Brain Drain: Are We Lacking Opportunities

Posted on January 13, 2010 in Learning+, Society

India’s educational system is reckoned among the best in the world. The Indian system of education follows a smooth pathway from grassroots to perfection. The subject of worry for the developing and underdeveloped countries is Brain Drain.

Brain drain is also known as human capital fight. To put in simple words, the highly educated or well qualified people, after completion of their studies, migrate from their native countries to more developed countries for better job opportunities and a higher standard of living. This phenomenon adversely affects the particular country from which these various skilled doctors, engineers and scientists are migrating. These skilled fellows migrate from developing countries (for e.g. India, Pakistan, Bangladesh, China) to developed countries like USA, UK and become a resource for the developed country instead of their own.

Countries like China, Pakistan and Russia are also facing problems of brain-drain. Inappropriate infrastructure, unemployment, financial constraints, political corruption, lack of opportunities, low standard of living, etc leads these fellows to migrate from their countries.

In India, the graduates, post-graduates and ‘specifically skilled’ students do not get the right opportunities to further develop themselves and are unable to secure appropriate jobs to earn an income equivalent to their talent. Even if they get a suitable opportunity, it’s abasing in their positioning and gives rise to extreme depression and difficulties forcing them to migrate from the country. With the dreams of development and in quest of better future, they leave their native land. This brain—drain is a major loss to our country.

But why do we lack opportunities? I do agree when people say India has a plethora of opportunities and lot can be employable. India has given brilliant talent to the world and it is a world-wide known fact that Indian brains are unparalleled. The main reason for unemployment is that the ratio of jobs to those seeking them is skewed. The skilled people do not get proper recognition and stimulus. This is because in India people still live with the dilemma that opting for engineering, information technologies, medicine and management are the only ways to have a successful career and lead a luxurious life.

Students have to show their mental prowess in this field to stick with their jobs. In India, people mould their interest and talents to fit their profile in engineering, medical and management. The talented people in archaeology, fine arts, performing arts, photography don’t get exposure in the professional field and it’s hard for them to survive. Majority of those who take up less developed streams, after completion of their intermediate level, opt for conventional career choices under parental pressure, peer pressure or due to the unfavorable employment scenario in their field of interest.

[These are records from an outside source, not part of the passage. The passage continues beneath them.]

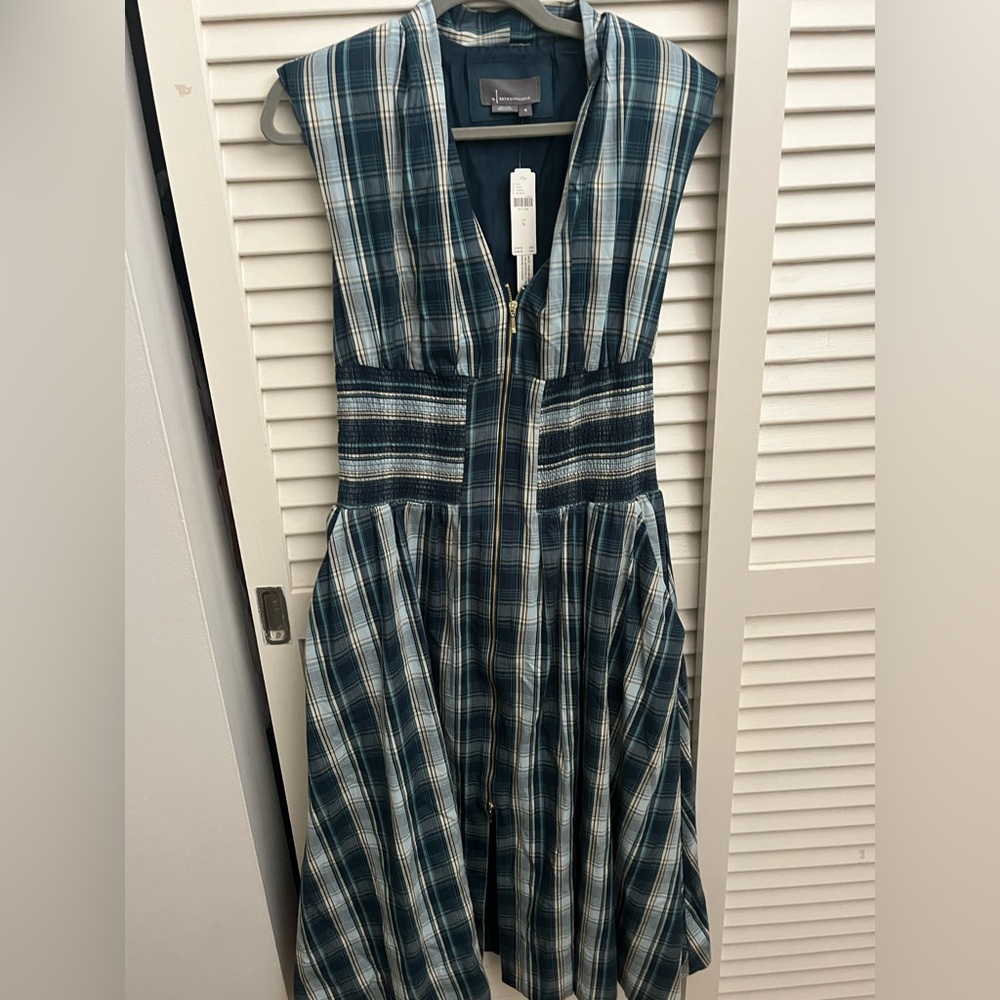 Anthropologie NWT The Tommie Cap-Sleeve Smocked Front-Zip Shirt Dress
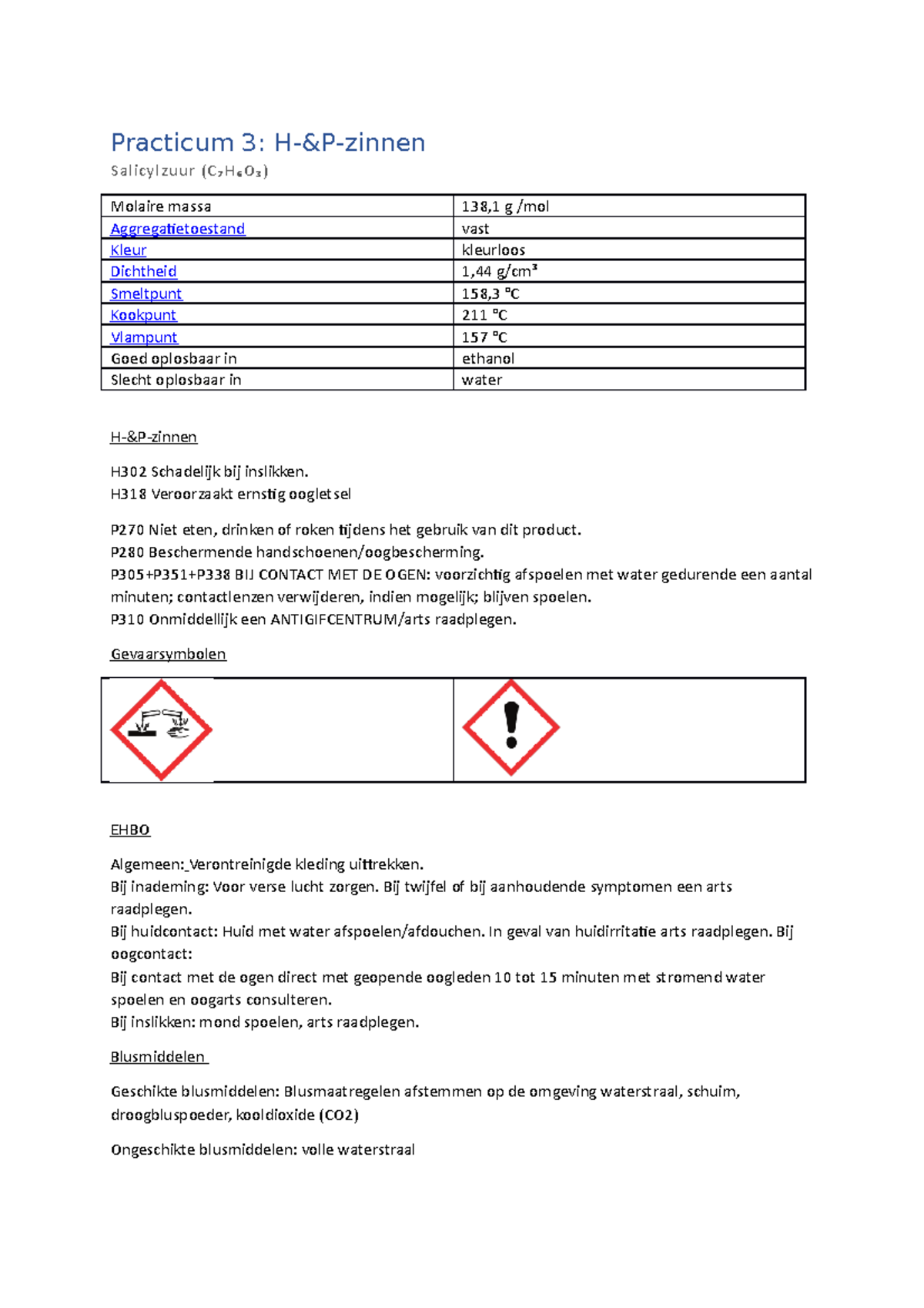 Practicum 3 h en p zinnen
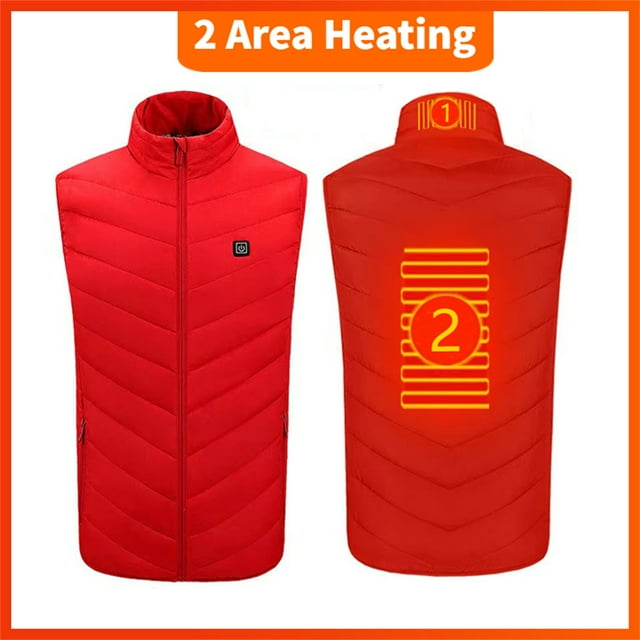 Chaqueta térmica USB para hombre | Abrigo térmico de invierno con calefacción de fibra de carbono | 3 niveles de temperatura | Poliéster resistente al viento | Lavable a máquina | Talla 3XL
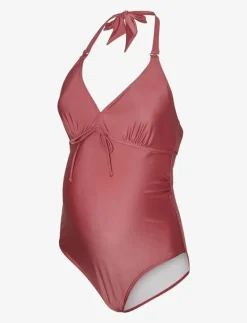 Mamalicious MLMOLLY HALTER PADDED SWIMSUIT 2F - Baddräkter HOLLY BERRY Hot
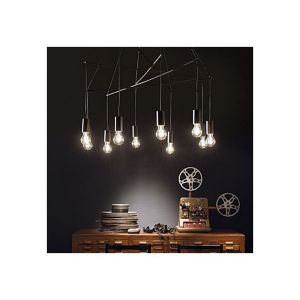 Millumine Grand Lustre Moderne noir 10 lampes Versatile r&eacute;glable en hauteur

When there is such a dearth of favorable conditions, why won’t people migrate from an under-developed to a developed country?

For balanced progress and development of the country, it is very important to stop the phenomena of brain-drain. For this, country should build proper job opportunities, a healthy standard of living and provide incentives to hold these skilled professionals within the country. This cycle can only be reversed by collective effort of the country and its people.